Sony Ends Blu-Ray, MD And MiniDV Media Production

With the slow demise of physical media the past years, companies are gradually closing shop on producing everything from the physical media itself to their players and recorders. For Sony this seems to have now escalated to where it’ll be shuttering its recordable optical media storage operations, after more than 18 years of producing recordable Blu-ray discs. As noted by [Toms Hardware] this also includes minidisc (MD) media and MiniDV cassettes.

We previously reported on Sony ending the production of recordable Blu-ray media for consumers, which now seems to have expanded to Sony’s remaining storage media. It also raises the likelihood that Sony’s next game console (likely PlayStation 6) will not feature any optical drive at all as Blu-ray loses importance. While MiniDV likely was only interesting to those of us still lugging one of those MiniDV camcorders around, the loss of MD production may be felt quite strongly in the indie music scene, where MD is experiencing somewhat of a revival alongside cassette tapes and vinyl records.

Although it would appear that physical media is now effectively dead in favor of streaming services, it might be too soon to mark its demise.

16 thoughts on “Sony Ends Blu-Ray, MD And MiniDV Media Production

      1. Seeing as there are still companies making CD-R, I doubt you need to worry about DVD-R suddenly becoming unavailable. Just expect prices to rise as the bigger manufacturers drop out.

        As for making a lifetime purchase, maybe scale that back to a decade purchase. In that time it’s quite possible you’ll be using a newer technology, even if it seems unthinkable now. Consider people who bought a pallet of 1.44 MB floppy disks 15 years ago when they started becoming scarce. I bet most of those floppies went unused.

  1. The linked article on Tom’s Hardware reads “Sony has announced it will end its recordable Blu-ray Disc media production in February”. To me this doesn’t sound like it will affect prerecorded movies and Playstation games.

    1. Agreed. I assume they will continue releasing content on disk because the profit margin is considerably wider vs a blank disk. And there are many more blu-ray players in the world than blu-ray burners.

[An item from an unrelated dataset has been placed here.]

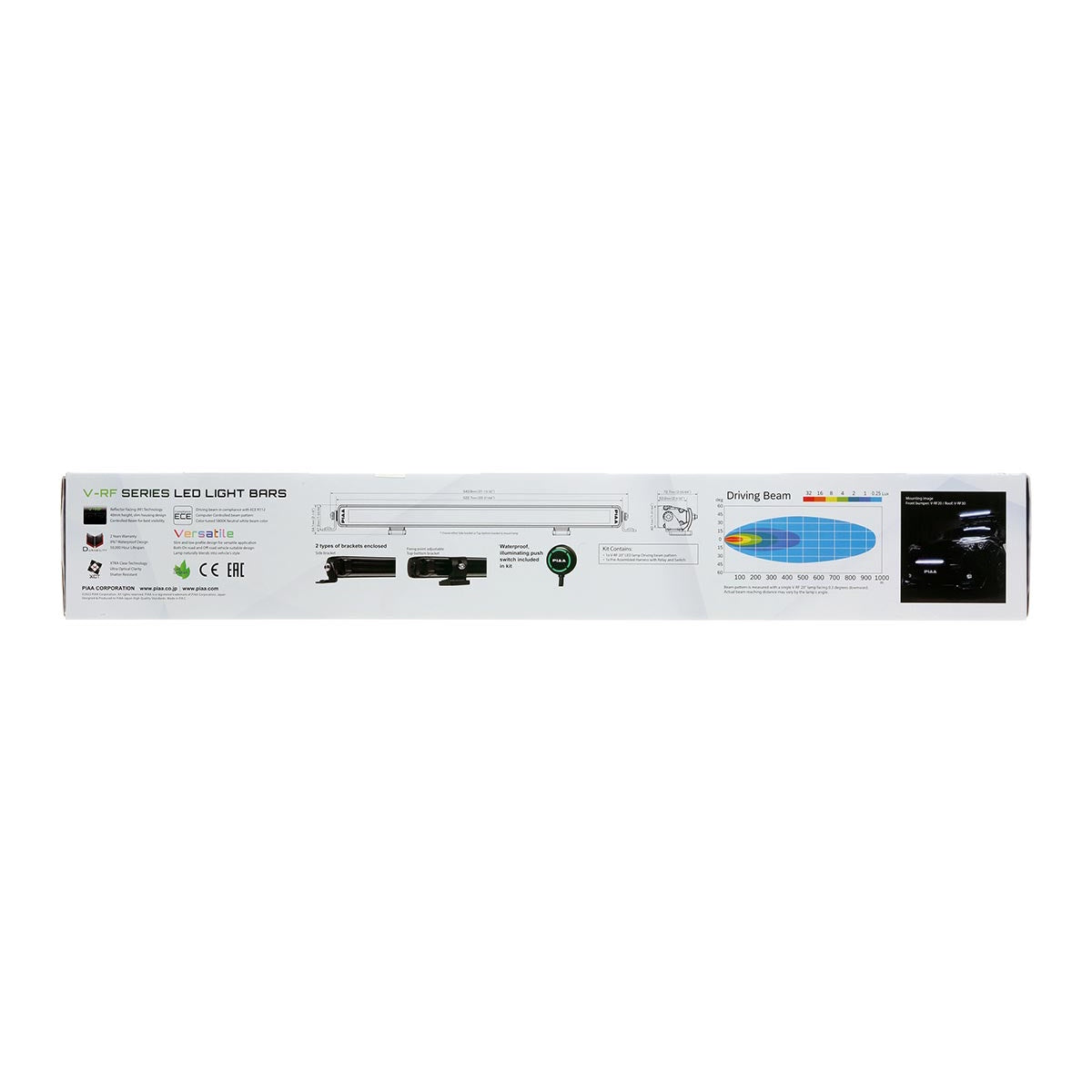 PIAA VRF20 LED Lightbar
mit E-Kennung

        1. By the end of 50 years… let alone 1000 years. Who will care? At least at the home level of archiving :) . I won’t know of course, but I bet all the things I care about now, will be deep six’ed by someone when I am gone. That’s why I don’t care anymore. I keep everything I want to keep spinning (disk space is super ‘cheap’ ) and have HDD backups (which roll in and out of use) on-site and off-site. This method provides all the ‘long term’ that is needed. No need for ‘long long long’ term storage here. Still, it is sad to see an era of optical storage regulated to museum status like CRTs, manual adding machines and such.

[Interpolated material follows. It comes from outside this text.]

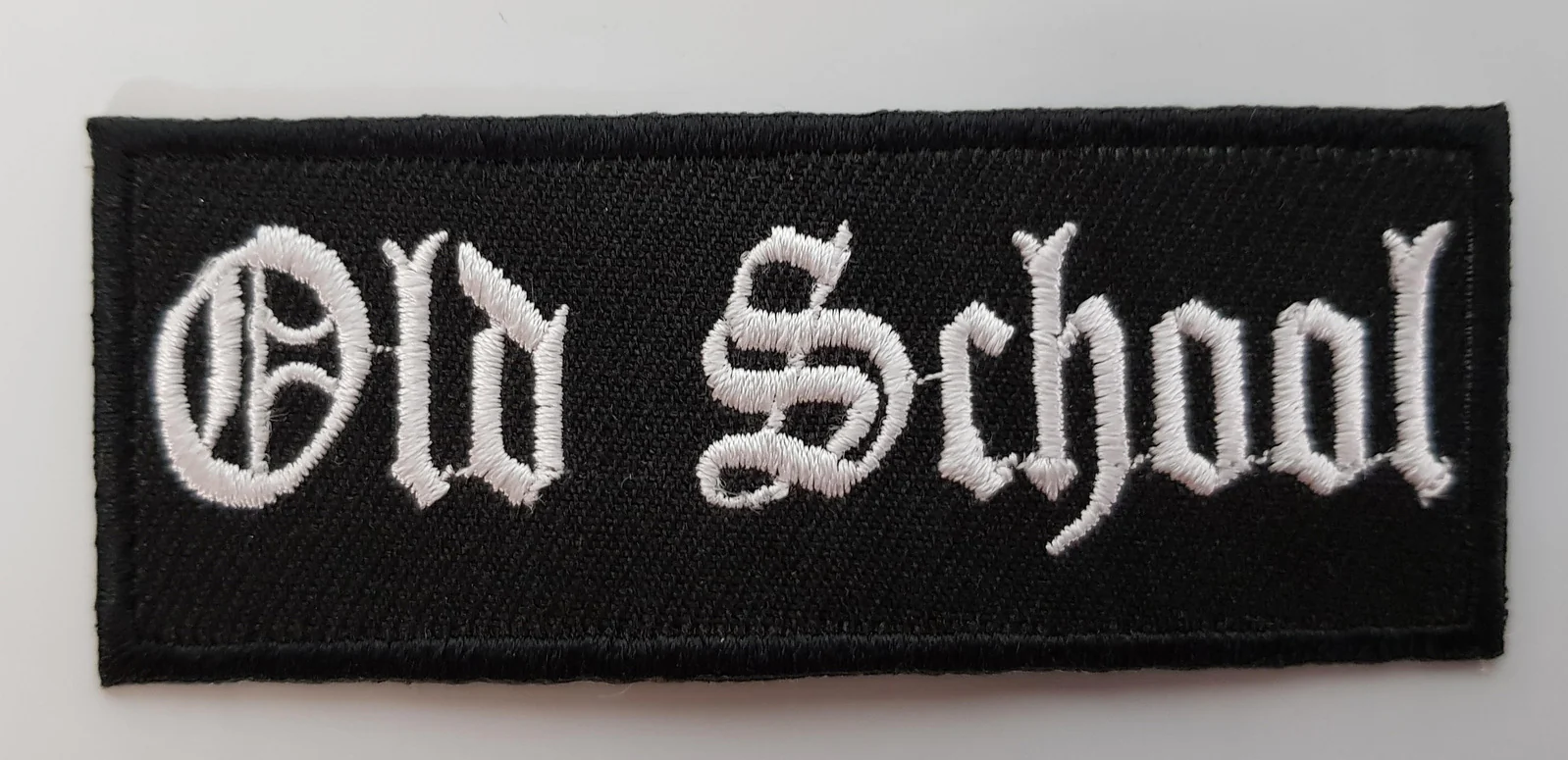 Bikers Gear Australia Old School Motorcycle Patch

          1. I agree the use cases are limited and not very profitable. But I can imagine this would be culturally valuable for archiving things like family histories, anthropological research, or niche movies.

          2. But in that case, just ‘keep the data spinning’ somewhere, so to speak. It is the best way of making sure the storage media never goes obsolete. For example, my mom&dad transferred all their kodak slides and scanned photo album pictures to .jpg files and I have them all spinning on our computer now (my sister also has a copy). I can also see our kids, storing our data (plus, now, my parents data) for ‘historical’ reasons (pictures, movies, family records, and such) as well. HDDs and even SSDs are relativity cheap…

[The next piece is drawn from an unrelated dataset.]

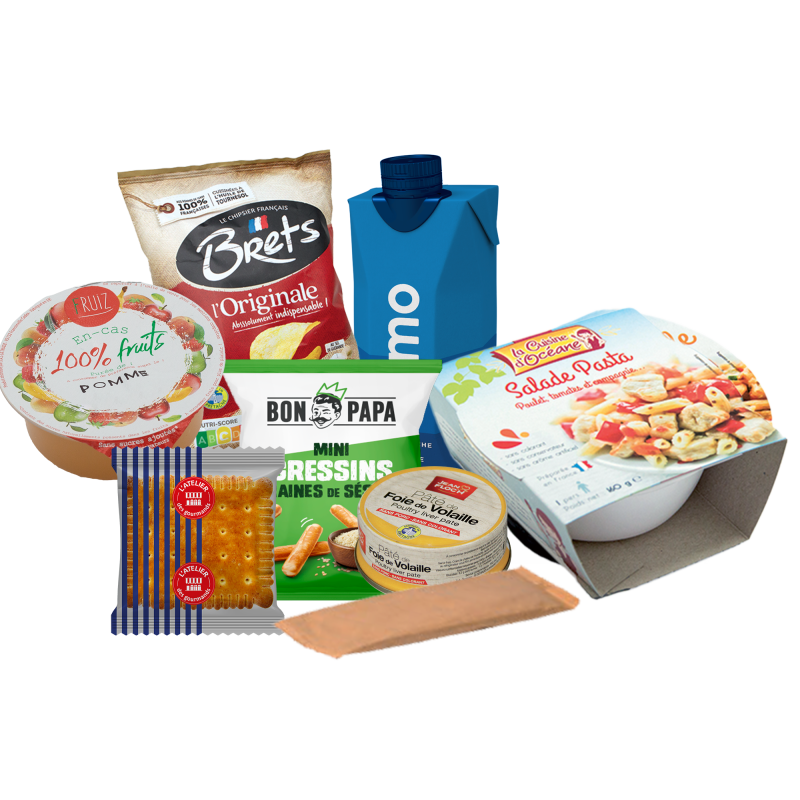 SACHET RANDO N°3 - 8 éléments (Bte : 10pcs)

            Now for NASA storage needs… That is on a whole another scale… How they keep track of all the project/pictures/video/downloads of missions must be quite a thing to manage for ‘long term’ storage from the creation of NASA until now.

  2. I was so totally fed up with the “entertainment industry” previously, and when they introduced the DVD with non skippable warnings that I’m a pirate and other garbage that I never bought a DVD player (for movies) myself. I was already accused of pirating, so I became one. Up to 10 or so years ago this was even legal here in Europe. So I don’t care much about the demise of it’s successor either.

    And sony… CD rootkit scandal, proprietary memory sticks, cancellation of “Oter OS” is what I can easily recall. I assume they had more of such, but sony don’t get a capital s from me no more.

    1. Even what you are doing is ‘obsolete’. Somewhere on the net is a site that has the movie/music/whatever that you want to view/hear for free anyway. No need to ‘pirate’. And takes up none of your own disk space to boot. The internet has truly become a bottomless pit of information/entertainment…. for good and bad, it is what it is.